Revenue for First Quarter 2017 was $44.3 million, an increase of $1.2 million, or 2.8%, over $43.1 million of revenue generated during First Quarter 2016. The increase was driven by two new restaurants opening in the Second Quarter of 2016, offset by a decrease in same-store sales of 0.3%.

Food, beverage, and packaging costs increased by $0.9 million, or 8.1%, to $13.0 million in First Quarter 2017 from $12.1 million in First Quarter 2016 due to the increase in the number of restaurants operating in 2017. Food, beverage, and packaging costs as a percentage of revenue increased to 29.4% in First Quarter 2017 from 28.0% in First Quarter 2016 primarily due to commodity cost inflation and an increase in promotional activity. Average cost per pound for bone-in chicken wings, our most significant input cost, increased to $2.02 in First Quarter 2017 compared with $1.92 in First Quarter 2016.

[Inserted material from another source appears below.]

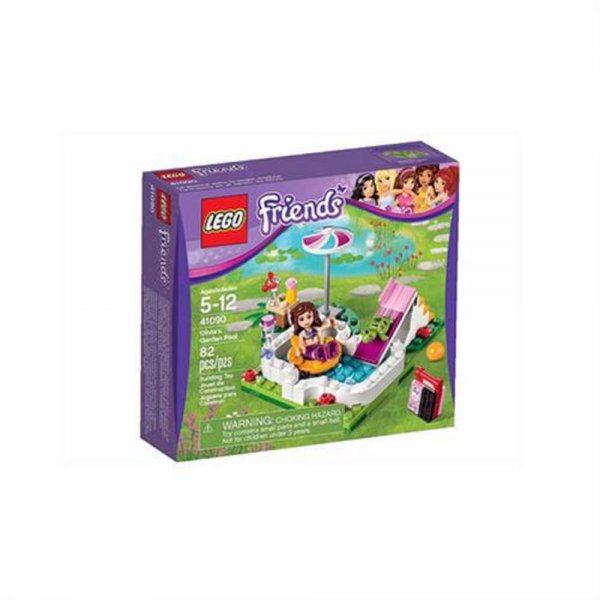 Lego Friends 41090 - Olivias Gartenpool 5-12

Compensation costs increased by $0.5 million, or 4.2%, to $11.0 million in First Quarter 2017 from $10.5 million in First Quarter 2016. The increase was primarily due to the increased number of restaurants operating in 2017. Compensation costs as a percentage of sales increased to 24.7% in First Quarter 2017 from 24.4% in First Quarter 2016 due to higher average hourly wages and labor overhead expense.

Occupancy costs increased $0.1 million, or 4.6%, to $2.9 million in First Quarter 2017 from $2.8 million in First Quarter 2016 due to the increased number of restaurants operating in 2017. Occupancy as a percentage of sales remained relatively flat at 6.5% in First Quarter 2017 compared with 6.4% First Quarter 2016.


24


Other operating costs increased $0.4 million, or 5.3%, to $9.0 million in First Quarter 2017 from $8.6 million in First Quarter 2016 due to the increased number of restaurants operating in 2017. Other operating costs as a percentage of sales increased to 20.4% in First Quarter 2017 from 19.9% in First Quarter 2016, primarily due to an increase in technology expenses.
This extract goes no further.